= Bill Goodwin (Welsh footballer) =

Welsh footballer

William Goodwin (c. 1892–1972) was a Welsh professional footballer who played as a full-back for Oldham Athletic and Crewe Alexandra. He also represented Wales as an amateur in 1913, and played in two wartime internationals in 1919.

==Club career==
Goodwin was born in Mold, north Wales and played for Holywell United and Wrexham before signing for Oldham Athletic in July 1913. He made his Football League debut at Bolton Wanderers in January 1915, but made only four 4 appearances before peacetime football was suspended due to World War I.

During the First World War, he served with the Royal Welsh Fusiliers, ending the war with the rank of Sergeant.

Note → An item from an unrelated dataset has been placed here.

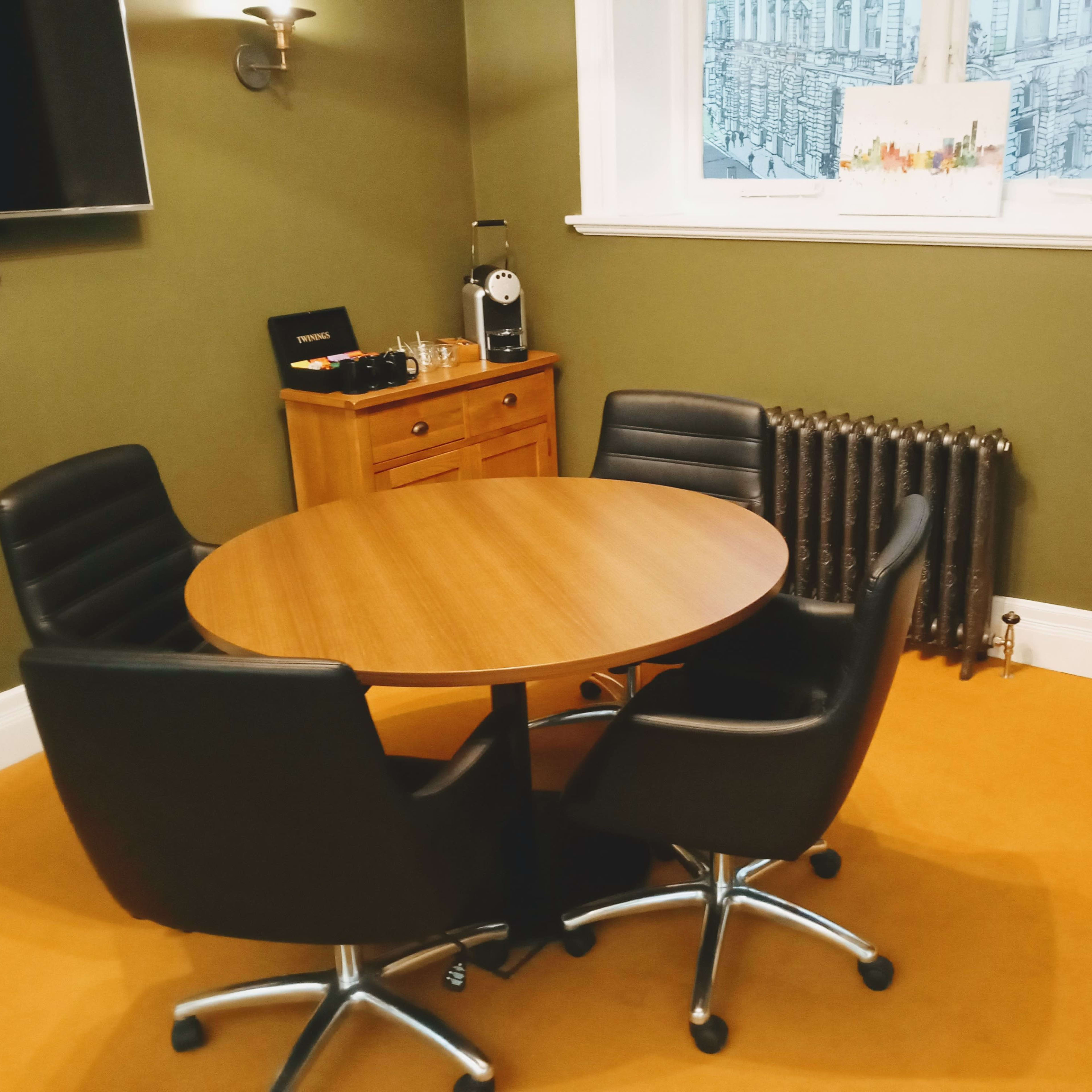 A small meeting area with a round wooden table surrounded by four black swivel chairs, a radiator, and a side cabinet against a green wall.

After the war, he became a first-team regular with Oldham from 1919. He joined Division 3 (North) Crewe Alexandra in May 1921 and made 157 appearances over four seasons, scoring twice. He rejoined Oldham (then in the Second Division) in June 1925 but only made three appearances, before joining Congleton Town later in the year. In 1928 he played for Mossley.

==International career==
While at Holywell, Goodwin was selected to play for the Wales amateur team against England's amateur team at Llandudno on 8 February 1913.

He played for Wales against England in two Victory International matches in 1919, at Cardiff's Ninian Park on 11 October, and at Stoke's Victoria Ground on 18 October.

==Personal life==
In 1917, he married Cissy Williams. They had four children: Gwyn, Olwen, Alun and Dilys.

Upon retiring from football, Goodwin worked as a schoolteacher in Oldham. He died in 1972.